WHAT NEEDS TO BE DONE ::
Without changing a word, repeat the data, and include no pictures.

SUPPLIED MATERIAL ::
+--
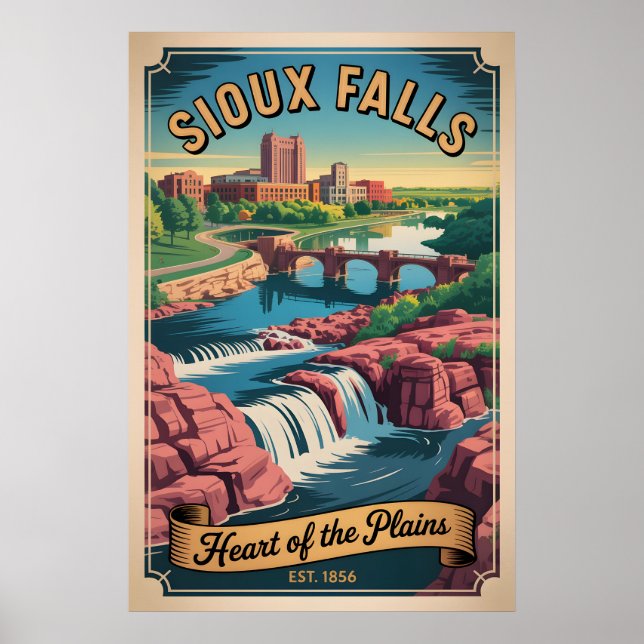 Póster Viajes Retro Sioux Falls Dakota del Sur (Frente)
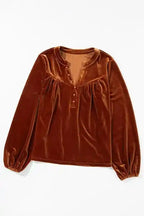 Gold Beaded Velvet Long Sleeve Blouse Women UK | Party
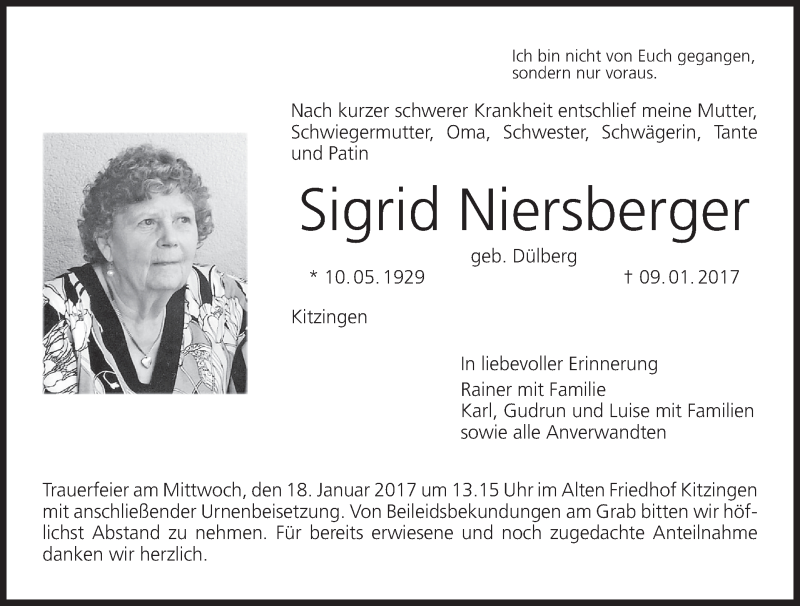  Traueranzeige für Sigrid Niersberger vom 16.01.2017 aus MGO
+--
OUTPUT FOR THIS EXERCISE ::
 Póster Viajes Retro Sioux Falls Dakota del Sur (Frente)
 Gold Beaded Velvet Long Sleeve Blouse Women UK | Party
  Traueranzeige für Sigrid Niersberger vom 16.01.2017 aus MGO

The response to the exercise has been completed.